Il voto segreto “è sempre ammissibile”, precisa la seconda carica dello Stato, “laddove si faccia riferimento alla tutela delle minoranze linguistiche”. Voto non palese anche “sui soli emendamenti riferiti alle funzioni delle Camere, presentati agli articoli 1 e 18 del ddl Boschi, e non al procedimento legislativo (art.10)”. Alla fine, Grasso ha concluso chiarendo la situazione: “Abbiamo stabilito un principio per materia, in base al quale di volta in volta si potrà stabilire quali emendamenti saranno oggetto di voto segreto. Gli uffici stanno preparando un elenco che sarà distribuito”. Si parla di voto segreto su diritti civili e funzioni delle camere.

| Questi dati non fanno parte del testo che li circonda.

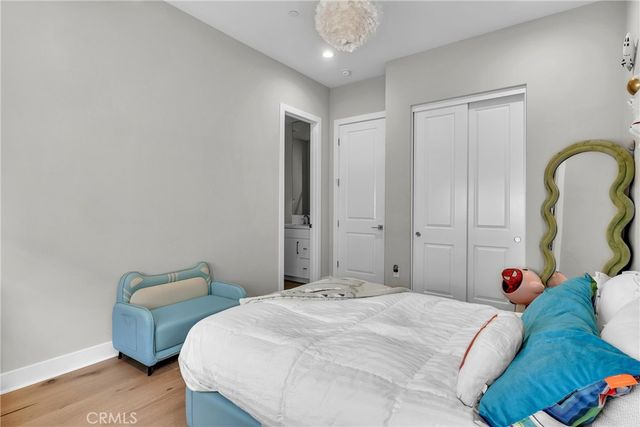 265 Orchid Court, Montebello, CA 90640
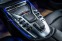 Обява за продажба на Mercedes-Benz AMG GT 53 4M+ Night*Massage*Pano ~ 184 990 лв. - изображение 7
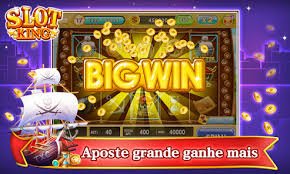 kuwin20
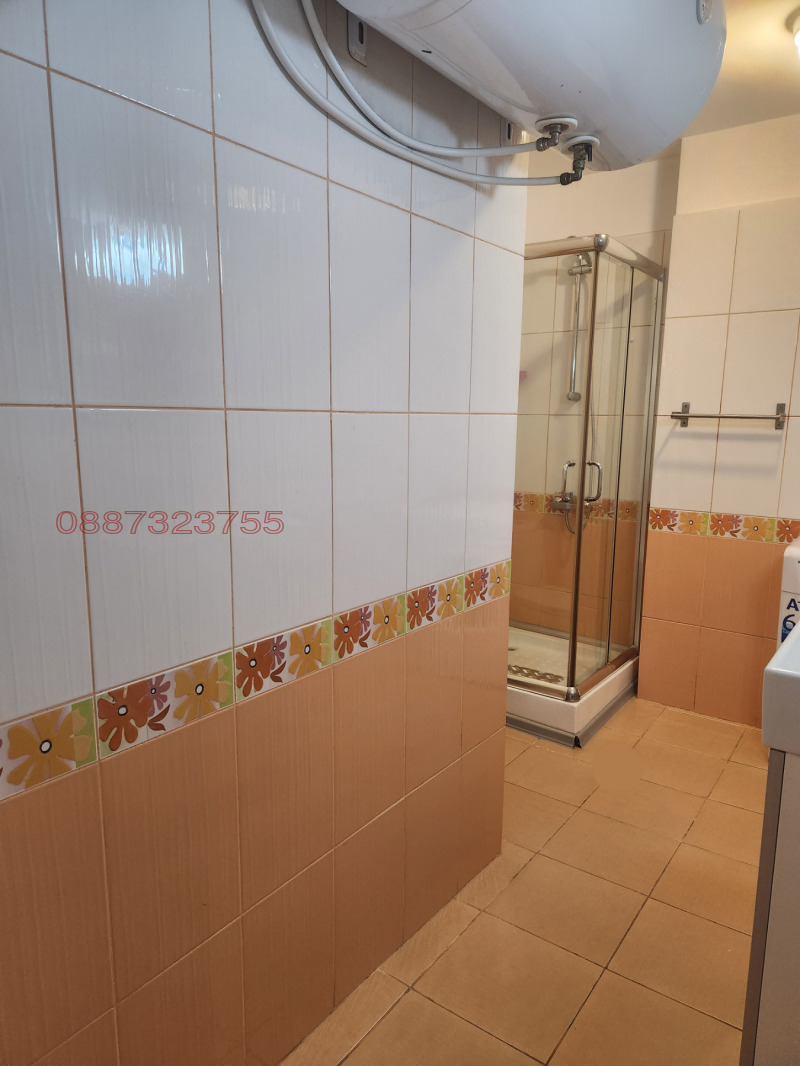 Do wynajęcia  2 sypialnie Sofia , Zona B-5 , 101 mkw | 43925378 - obraz [12]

Il caso del M5S – Curiosa la posizione del Movimento 5 Stelle, da sempre contrario al voto segreto in Aula (si pensi al caso del voto sulla decadenza di Berlusconi). Questa volta però i grillini hanno cambiato orientamento, come spiega Maurizio Buccarella: “Pur essendo noi favorevoli al voto palese, in questo caso, a Regolamento vigente, ci siamo espressi a favore della possibilità del voto segreto”. Poco fa Grillo è però intervenuto su twitter chiarendo che “il M5S è per il voto palese”.
L’irritazione del Pd – La decisione del presidente Grasso ha destato molte perplessità tra le fila del Partito democratico. In realtà la ruggine covava già da mesi, cioè da quando il primo inquilino di Palazzo Madama criticò pubblicamente le riforme istituzionali volute dal premier Renzi. Al Nazareno non si capacitano della decisione di accordare il voto segreto sugli emendamenti che riguardano i diritti delle minoranze linguistiche e quelli in cui si affronta il tema della competenza legislativa del futuro Senato.
Soprattutto perché, ragionano i renziani, in discussione non c’è un voto sui diritti civili ma solo sulla composizione della camera che in futuro se ne occuperà. Sfugge, pertanto, il no al voto palese. La situazione rischia di sfuggire di mano e si vocifera di un incontro in serata tra lo stesso Grasso e il presidente della Repubblica Giorgio Napolitano. La rabbia dei dem si spiega anche per l’eccessiva lentezza con cui stanno procedendo i lavori: nella giornata di oggi si è votato solo su due emendamenti. A questi ritmi la scadenza di ferragosto ipotizzata da Renzi appare una chimera.